I gather that Liquid 0
2 doesn't exist above -118 deg C. If you charge a cylinder with liquid oxygen at -200 deg C and let the temperature rise to room temperature, it will be a supercritical fluid - apparently that is the state when there is no difference between a gaseous state and a fluid state, but it is definitely not a liquid.
I think with practical pressures, you can only have compressed gaseous oxygen. I would hate to think what pressures you would get in the cylinders from supercritical oxygen in the boot of a car on a really hot sunny day.
If by "Liquid Oxygen", they just use liquid oxygen to partially fill a cylinder, and then let it warm up to a compressed gas state, then to ship by air, you need an expensive ATA-300 Category 1 case to ship the cylinders. This is a legal requirement particularly in the US.
Unless, of course, you are scuba diving on the moon Titan where the temperatures are perfect for bottled liquid oxygen and they have all those great methane lakes. The Triton is the perfect device for recreational diving on Titan.
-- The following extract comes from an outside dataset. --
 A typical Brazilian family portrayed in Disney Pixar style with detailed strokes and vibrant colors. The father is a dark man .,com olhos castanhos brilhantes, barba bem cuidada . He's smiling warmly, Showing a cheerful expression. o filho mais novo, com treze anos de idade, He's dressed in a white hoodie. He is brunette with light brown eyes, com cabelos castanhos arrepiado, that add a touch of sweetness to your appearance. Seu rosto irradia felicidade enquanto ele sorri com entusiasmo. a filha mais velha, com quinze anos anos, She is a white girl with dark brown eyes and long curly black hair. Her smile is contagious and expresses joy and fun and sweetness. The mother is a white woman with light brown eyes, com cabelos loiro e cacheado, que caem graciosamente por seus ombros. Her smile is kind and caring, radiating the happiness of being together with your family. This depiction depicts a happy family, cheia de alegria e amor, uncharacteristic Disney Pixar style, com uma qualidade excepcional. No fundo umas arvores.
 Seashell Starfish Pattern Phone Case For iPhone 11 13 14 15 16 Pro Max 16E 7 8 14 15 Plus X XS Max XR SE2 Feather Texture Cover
One of the many things that really do not make sense is that if this product was close to production, they would have done thousand of hours of testing. They would have had no end of full uninterrupted 45 minute video clips of test divers swimming around underwater. They could show someone inserting the cylinders, and then doing a full dive. Instead, they had to actually rent a pool just to do the most recent clip where a diver managed to stay underwater for 7 minutes (something like that) with no activity. There is nothing to indicate that any functioning prototype exists.
All they have proven is that they have made an object that resembles the CAD renders and it can make nice bubbles.